As for the other parties, the Māori Party, though open to dialogue on the matter, have reiterated that they are unlikely to support this bill. Neither United Future, the Conservatives nor the Mana Party are likely to support the issue either, but nor are they likely to return to parliament.

Finally there’s New Zealand First. They have consistently maintained that the issue should go to referendum. Although a referendum might pass, it would come down to its wording. Given the very skewed wording of the Health Select Committee’s terms of reference on the inquiry into assisted dying, I would be very skeptical that such a referendum would be worded well. Nor would it adequately capture the subtleties around safeguards and process which are extremely important in legislation like this. The referendum would also be non-binding, meaning its results could be ignored by the government of the day. Despite New Zealand First being closely associated with the two previous attempts to pass assisted dying laws in New Zealand, via Michael Laws and Peter Brown, the New Zealand First party of today appears to be much more cynical and opportunistic than it used to be.

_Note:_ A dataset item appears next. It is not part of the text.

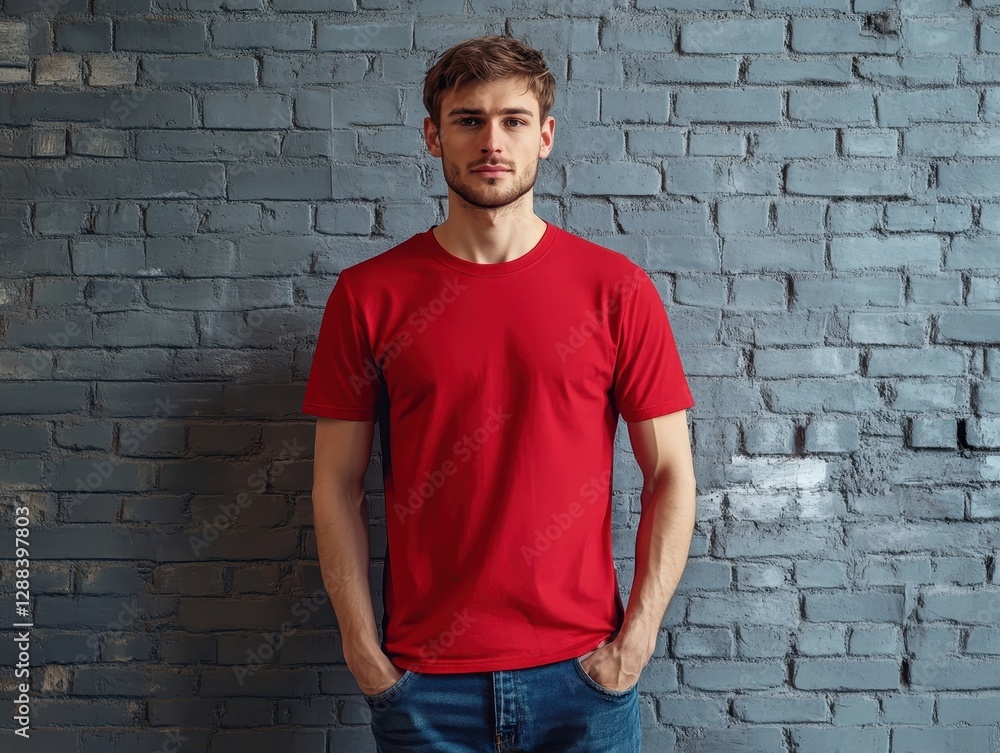 Portrait of a Handsome Man Wearing a Red T-Shirt Against a Brick Wall Background Portrait of a Handsome Man Wearing a Red T-Shirt Against a Brick Wall Background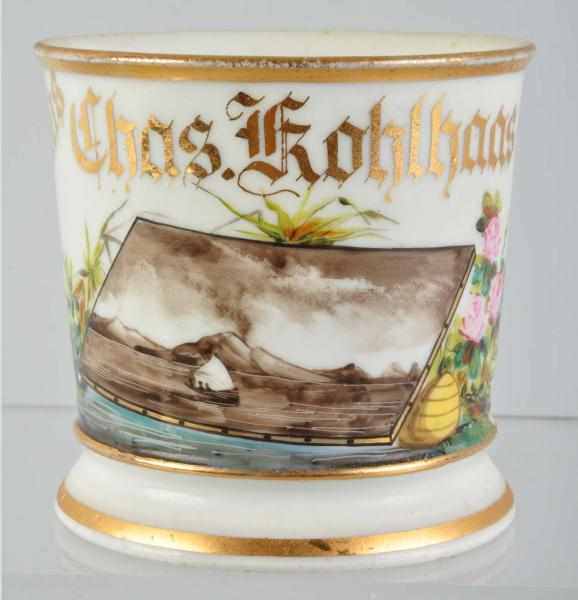 Appraisal: Artist Painting Shaving Mug Description Unusual with three gilt names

It’s a shame, because according to the same Horizon poll from May, assisted dying actually sees its highest support among voters age between 65 and 74 years old, at 82% supporting and 8% opposed. That age group forms much of NZ First’s base. That degree of support would give most parties a high level of comfort in taking a much more constructive position. But NZ First isn’t most parties.

I hope they will respect the parliamentary process and vote according to conscience when the End of Life Choice Bill appears at first reading. However, voting for their MPs or their party in the belief they will support this issue is a highly risky proposition, given the position they’ve taken.

In summary, a party vote for Labour, ACT, or the Greens should ensure assisted dying stands the best chance of being legalised via the introduction of the End of Life Choice Bill. When it comes to electorate MPs, there are candidates in all the major parties that support it, but one has to be particularly careful when voting for National candidates as there are more against the bill in that party than for it.